By the way, there's a big PKRU rework in progress. It might be best to
wait until the dust settles to poke at this.

> By the way, we are calling write_pkru, which changes both the CPU's PKRU
> and the xsave one. Why is this necessary?

PKRU affects kernel accesses to user memory. That means that you can't
run the *kernel* with an out-of-date PKRU, thus the write_pkru().

Returning to userspace blindly restores the *WHOLE* XSAVE buffer to the
regsisters. If you don't update the XSAVE buffer, the write_pkru() will
be overwritten before returning to userspace.

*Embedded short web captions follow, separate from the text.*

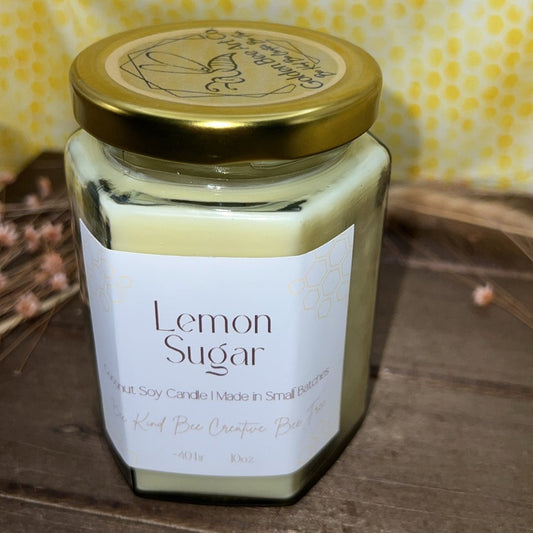 HiveAromas Candle | Scented Lemon Sugar | 10oz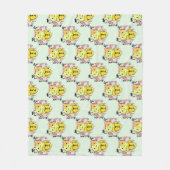 Cry Banana Cat Pattern Fleecedecke (Vorderseite)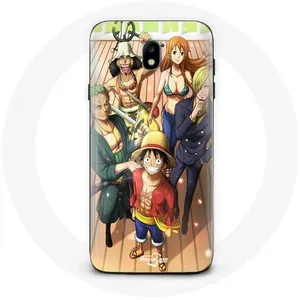 Coque pour Samsung Galaxy J3 2017 One Piece Luffy Affiche Equipages Manga Anime Maniacase pas cher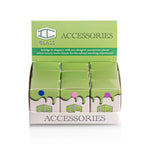 IC Glass Adapter – Glass Bong Accessories | Box of 9 in Assorted Colors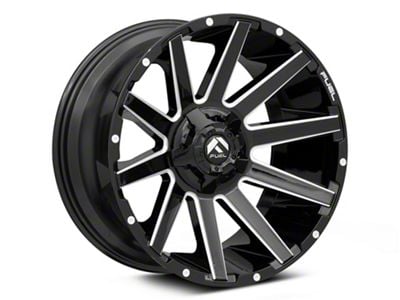 Fuel Wheels Contra Gloss Black Milled 6-Lug Wheel; 24x12; -44mm Offset (07-13 Sierra 1500)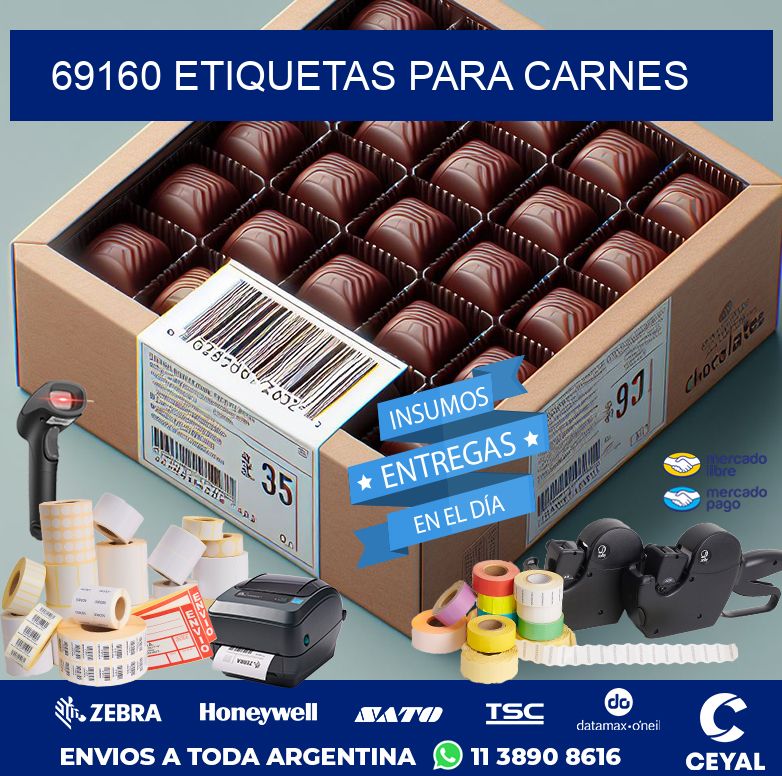 69160 ETIQUETAS PARA CARNES
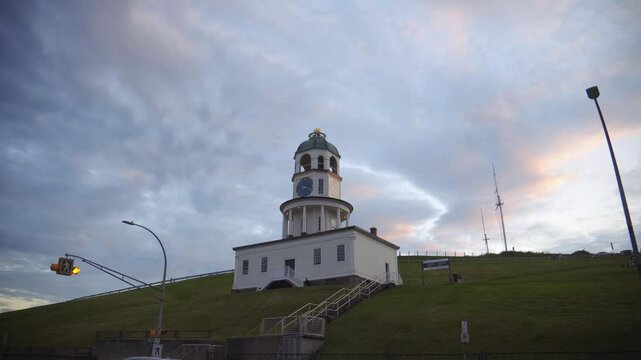 Halifax Town Clock 4K Footage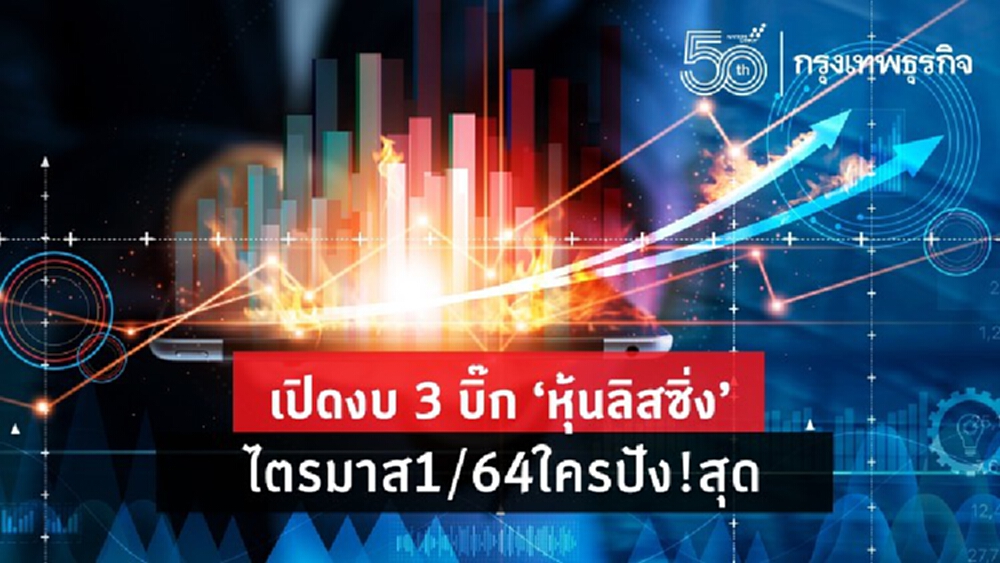 เปิดงบ 3 บิ๊ก'หุ้นลิสซิ่ง'ไตรมาส1/64ใครปัง!สุด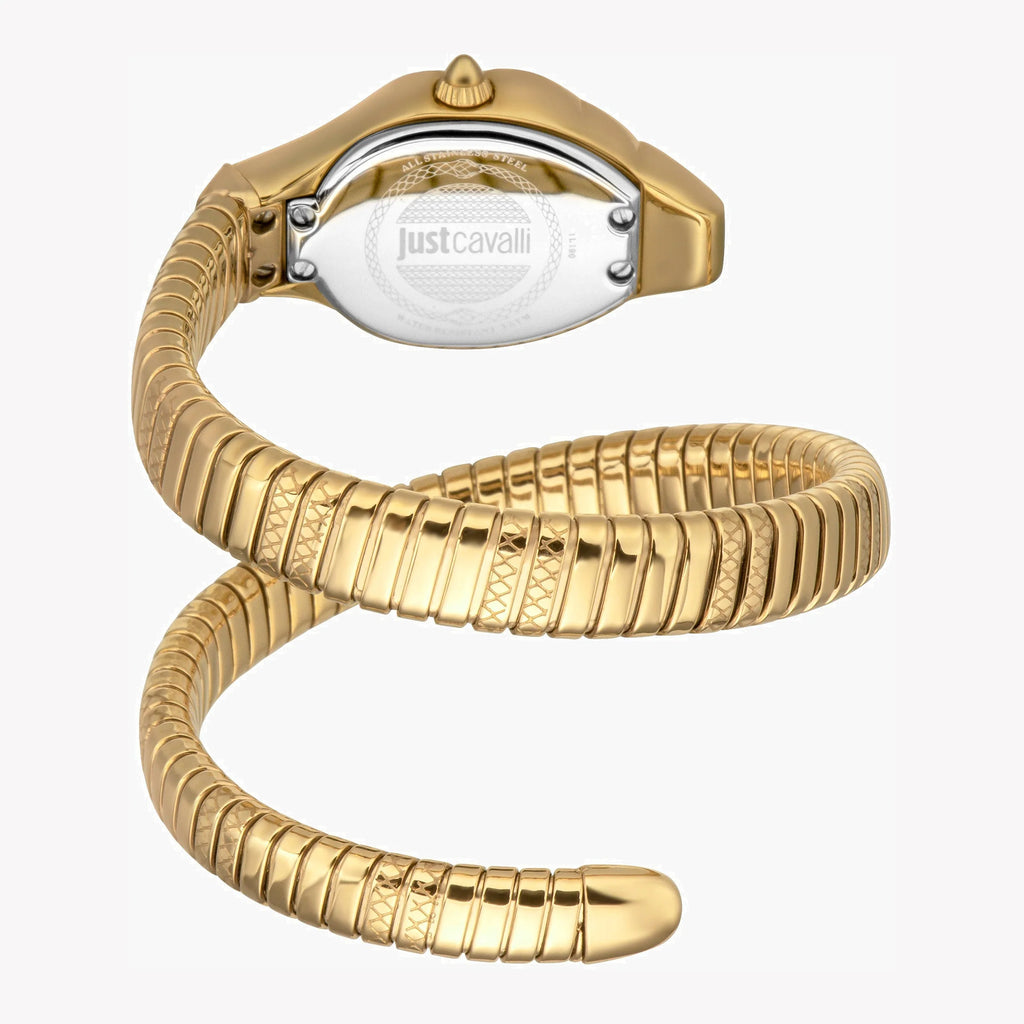JUST CAVALLI Women's Watch with Gold Stainless Steel Case and Gold Stainless Steel Band-i-Watch-3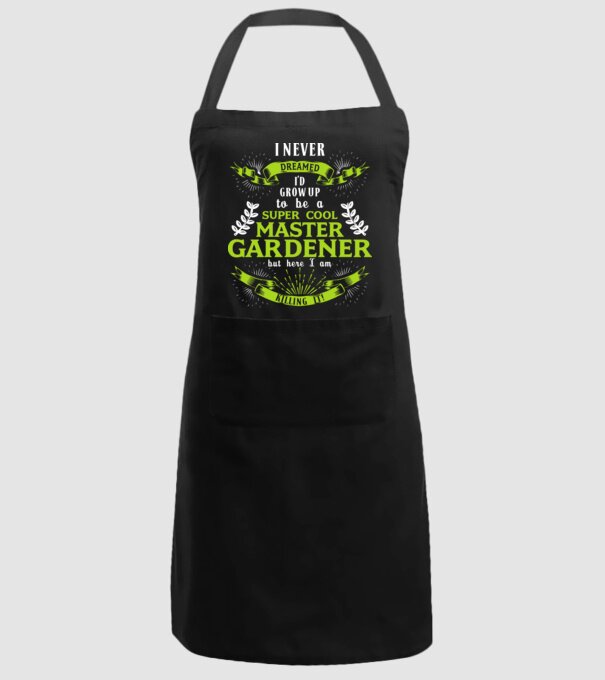 I never dreamed gardener drk model negru pe tricou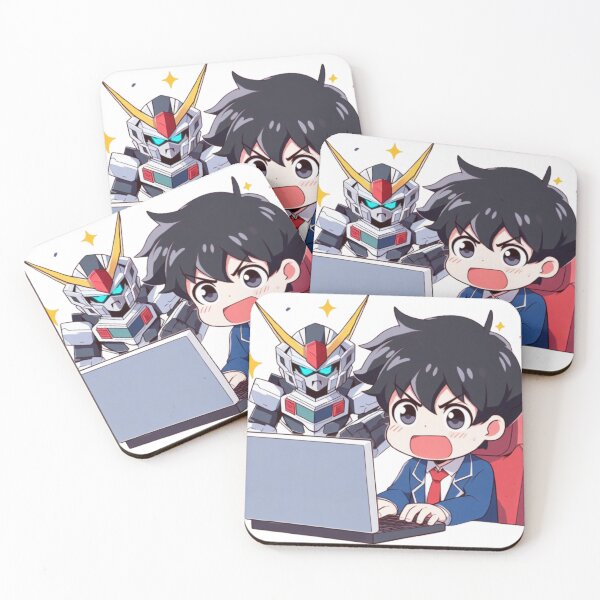 Item preview, original cloud art gundam little boy watching robot anime very kawaii and surprised designed and sold by ArteenlaNube.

> If I want to change PKRU of a task_struct other than current, do I still
> need to call __write_pkru?

No. You can't do that. Seriously.

The protection keys architecture really doesn't support off-thread
manipulation of PKRU. Imagine you want to mask a bit out of PKRU, you
do the following to make key 2 memory accessible and writable:

reg = read_pkru();
reg &= 0x30;
write_pkru(reg);

Now, imagine that you tried to interrupt this poor task in the middle of
that operation. Let's say you try to *set* the bits for key 4, effectively:

pkru |= 0x300;

Now you try to do that key-4 business with an IPI.

reg = read_pkru(); // PKRU=0x30
reg &= 0x30;
-> IPI
ipireg = read_pkru(); // PKRU=0x0
ipireg |= 0x300;
write_pkru(ipireg); // PKRU=0x300
write_pkru(reg); // PKRU=0x0

You *LOST* the update from the IPI.